The emphasis should be, in other words, on people. Instead, the emphasis is on things:

Money will be the next thing to flow down Bourbon Street. The French Quarter, which was spared the worst flooding, is scheduled to flicker back to life next Monday. And the city's power brokers expect tourists to return within 90 days. Of course, it will be a whole lot easier for them to get there once the government fixes the roads and bridges. Despite the Fed's fitful effort, the talk of all those tax dollars is helping revive grand plans for New Orleans. The city fathers are considering luring a political convention or even a Super Bowl. Wynton Marsalis is shopping an idea to create a jazz institute, with a concert hall and classrooms.
Money will flow, which will lift all boats. But wasn't that the illusion of New Orleans before the storm? That jazz and the Quarter and the Superdome and the Convention Center all made New Orleans what it was? How soon will we forget that New Orleans as also people living in such misery that the Astrodome-as-emergency-shelter seemed like an improvement? That a simple gas stove stands as a wonder?

And this would be just as true for a congregation as for a city: the question of "Who's in charge?"

Certainly, many are praying for a clear sense that someone is in charge. Washington would like to direct the entire effort, but Louisiana is already worried about losing control of its destiny. "I don't want anyone outside of New Orleans telling us how to plan this city," Mayor Ray Nagin told his city council last week (meeting in exile in Baton Rouge). Still, even neighbors can work against each other. The biggest roadblock to housing evacuees: local communities that fear Katrina trailer parks will overwhelm schools and roads. Baton Rouge's population has already surged from 400,000 to 1.2 million. That's why nearby Livingston Parish voted last week to outlaw temporary trailers. Spaulding, who is plopping mobile homes into state parks and along abandoned naval airstrips, says these "social engineering" problems must be resolved, but not with an iron hand. "We need a Marshall Plan," he says, "not martial law."
Leadership does not mean overriding the will of the people. That is, in fact the "genius" (in the old sense) of the American republic. But it has never been focussed enough on people, and has always been focussed too much on property. Eventually even people become property, as we decide their value based on what they are worth to us.

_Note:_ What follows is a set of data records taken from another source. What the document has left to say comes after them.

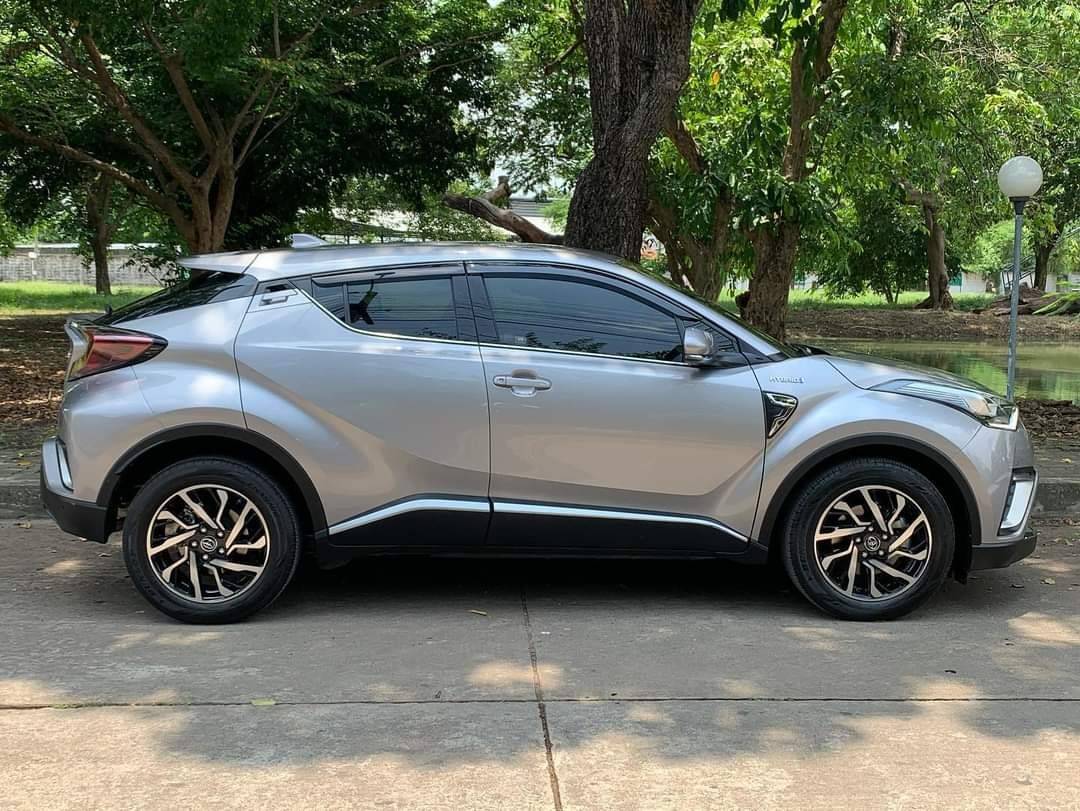Toyota CHR hybrid Topสุด ปี 2018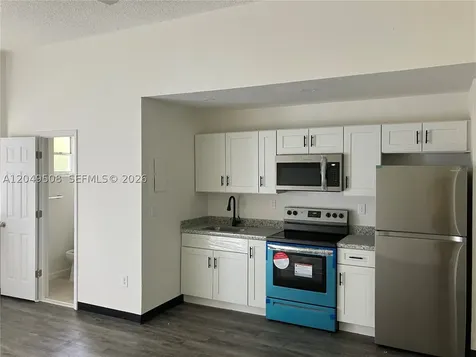 467 NW 8th Street Miami FL 33136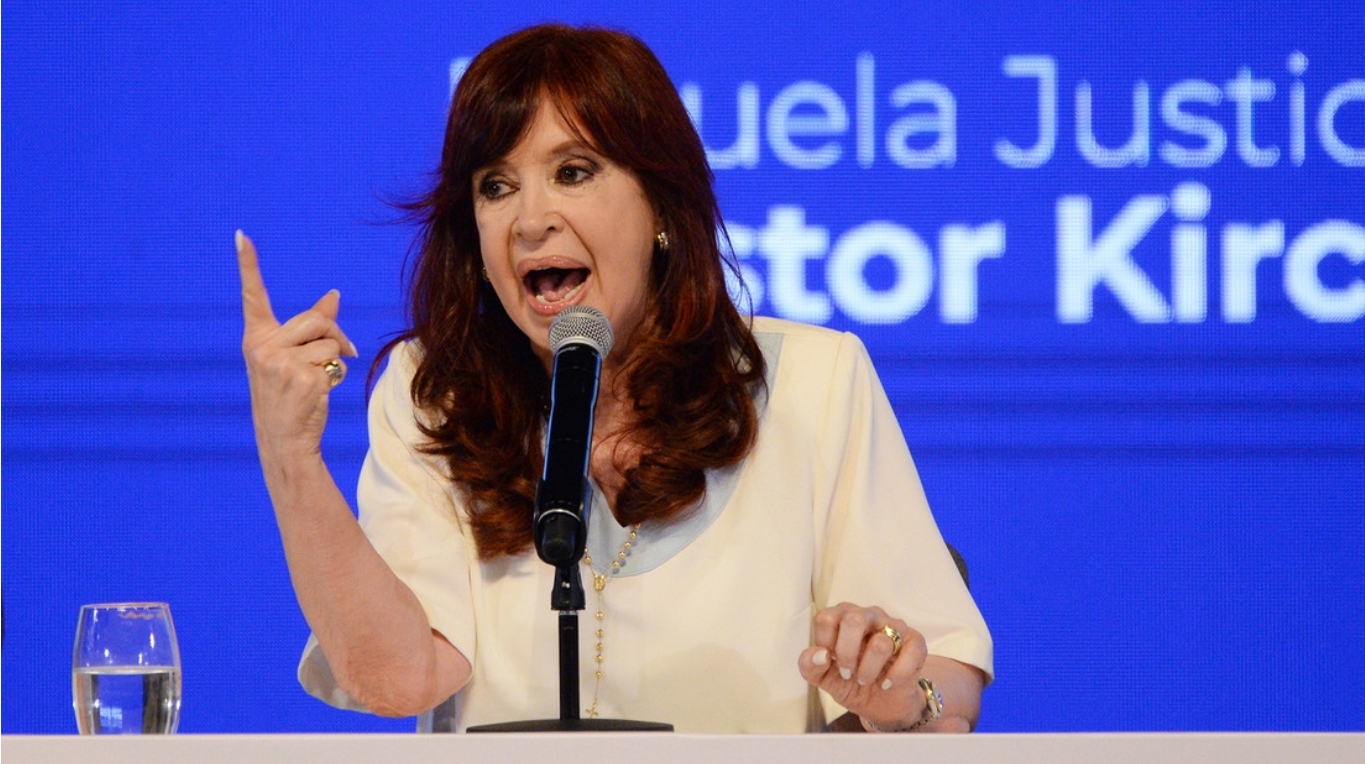“Te noto algo nervioso”: Cristina Fernández critica a Milei por sus políticas cambiarias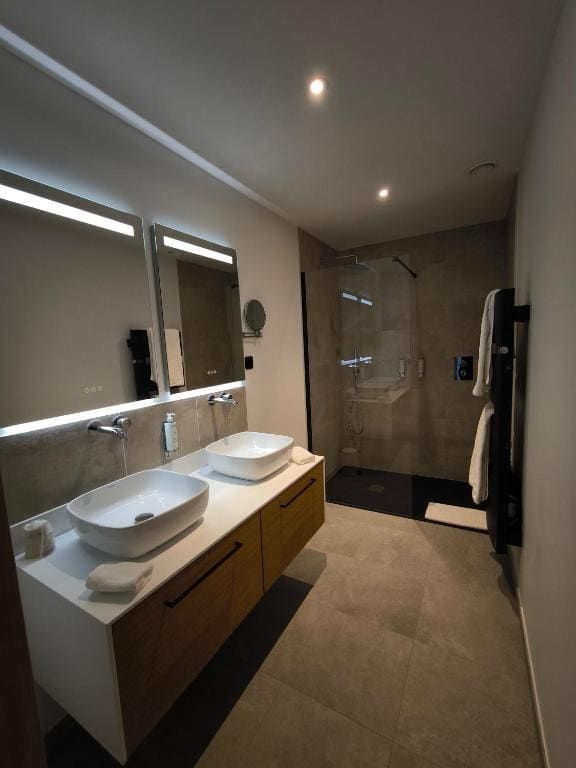 Deluxe Double Room with Balcony room - Image 2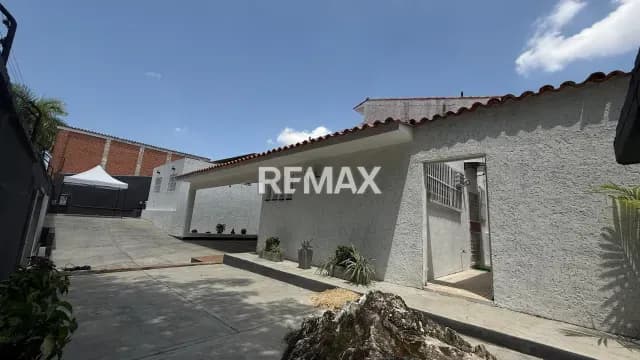 Venta de Casa en Urb Lomas del Este Tu oasis de lujo y espacio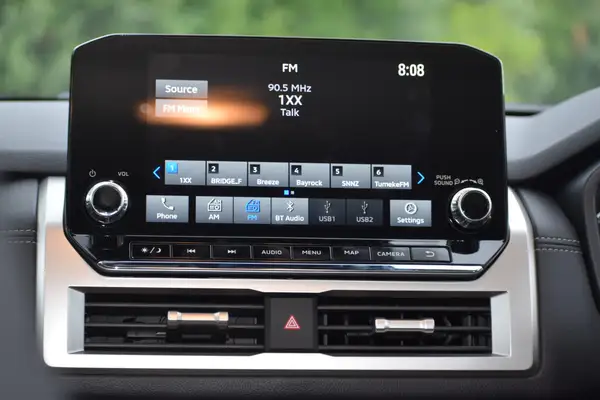 2025 Mitsubishi Triton DC GLX-R 4WD AUTO Carousel 7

Wall Street bankers were ready to hop the next plane to Baton Rouge after a conference call last week with Louisiana Treasurer John Kennedy, who was soliciting financing to rebuild what the Feds won't cover. "We won't make money immediately," said one Wall Streeter. "But once this gets started, there could be tens of billions in financing." Florida developers are also flocking in to snap up the Big Easy's ravaged neighborhoods. New Orleans businessman Finis Shelnutt claims to have three Florida investors ready to plunk down hundreds of millions to "build French Quarter design high-rises that can take Cat 5 hurricanes."
This, of course, is where the money will go: toward "improved" properties for people with "improved" incomes. None of which will be the "evacuees" who are living in shelters around the country at the moment.

Do you know what it means to miss New Orleans? Do we even know what "New Orleans" was? Was it the buildings, the architecture, the restaurants? Or was it the people?

Moving backward still, the article details the failures of FEMA, failures that continue and are not yet "under the radar" politically. One of the most interesting points, however, is at the very end, again. An item about the mess over trying to secure the services of Kenyon to recover bodies from the streets and houses of New Orleans, ends with this:
An issue raised by the Feds that Kenyon found distasteful: an instruction that chaplains bless recovered bodies. A company source said the Feds are insisting on this, and the first chaplains are supposed to go out this week. Asked if that was mixing church and state, a FEMA spokeswoman responded: "A prayer is not necessarily religious. Everybody prays."
Tkae what position you will on prayer for corpses, but it is an attempt to show respect for the deceased, and yet it is telling that Kenyon finds this "distasteful."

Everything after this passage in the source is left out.